When I played Fantasy I had a Bretonnia army and the thing that turned me off of them was the painting. If you're an avid painter then go for it, but if painting is more of a fun thing for you, go with High Elves.

Bretonnia has so much detail in Heraldry and each knight is painted differently. High Elves seem to be a popular choice in Fantasy and are probably one of the strongest armies in the game. But I think they always seem to be a strong army.

My suggestion. Go with High Elves.


----------



## Othiem (Apr 20, 2008)

Here's my personal breakdown of good and bad starters, based on unit variety, deviation from core rules, things like that:

Good -
Bretonia
High Elves
Dark Elves
Lizardmen

Could go Either Way -
Empire
Dwarves
Orks and Gobbos
Skaven
Wood Elves

Bad -
Beasts of Chaos
Warriors of Chaos
Ogre Kingdoms
Tomb Kings
Vampire Counts

Play wise, Bret's might be better. High Elves have a rule where they always strike first, which is a pretty big deal. It is frustrating to play against for newer players, and doesn't really enforce the importance of the movement phase for people using HE's to learn the game. Brets behave much more like a normal army, with a heavy emphasis on cavalry, so you get a fast moving force that's all about proper positioning to get off it's charges.

Painting...if you love to paint, a full out Bretonian cavalry force with each knight having their own individual crest looks amazing, but will take you a long time. You have to want to paint them. High Elves are much easier to shove out the door en masse and still look good.

From a story background, HE and Brets are possibly the two closest races that are unequivocally "the good guys." So if that's your thing, you're in the right place.

Last, I don't know if it's an issue for you, but the two armies with the most female models are the Dark Elves and the Wood Elves. DEs have a whole unit of only females, and their casters are female as well. Wood elves tend to have a few females mixed in their units, and have some heros as well. 
Wood elves are a very shooty army that try and avoid direct combat almost all the time, killing you at range with their high mobility. Dark Elves are the glass cannon army, with frail units that hit like trucks.

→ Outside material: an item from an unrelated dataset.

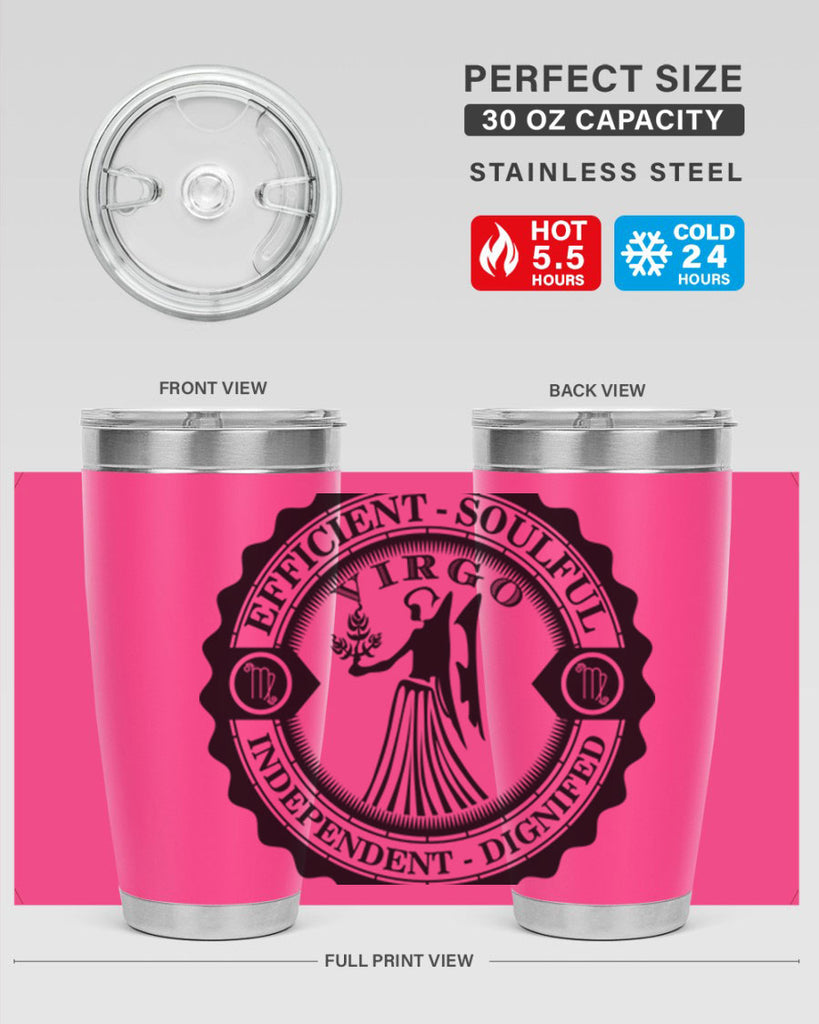 Virgo 23#- zodiac- Tumbler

Remember there are tons of other companies providing fantasy miniatures, so if you ended up wanting to have a woman general leading your HE army, you can find an appropriate model and use it as "counts as" for your lord, mage, whatever. Just be sure if you order non-GW models that a) they are 28mm scale b) you don't intend to play in GW tournaments, they can be weird about things like that, but most players think conversions like that are great.

It's difficult to go wrong in Warhammer, just pick an army you love the look of, stick with them, and avoid the armies on the "bad" portion of the list unless you do some research and know what you're getting yourself into and you should be fine. Welcome to the hobby!


----------



## Blargh1337 (Oct 20, 2008)

I don't know. But I want to play TETRIS!!!


----------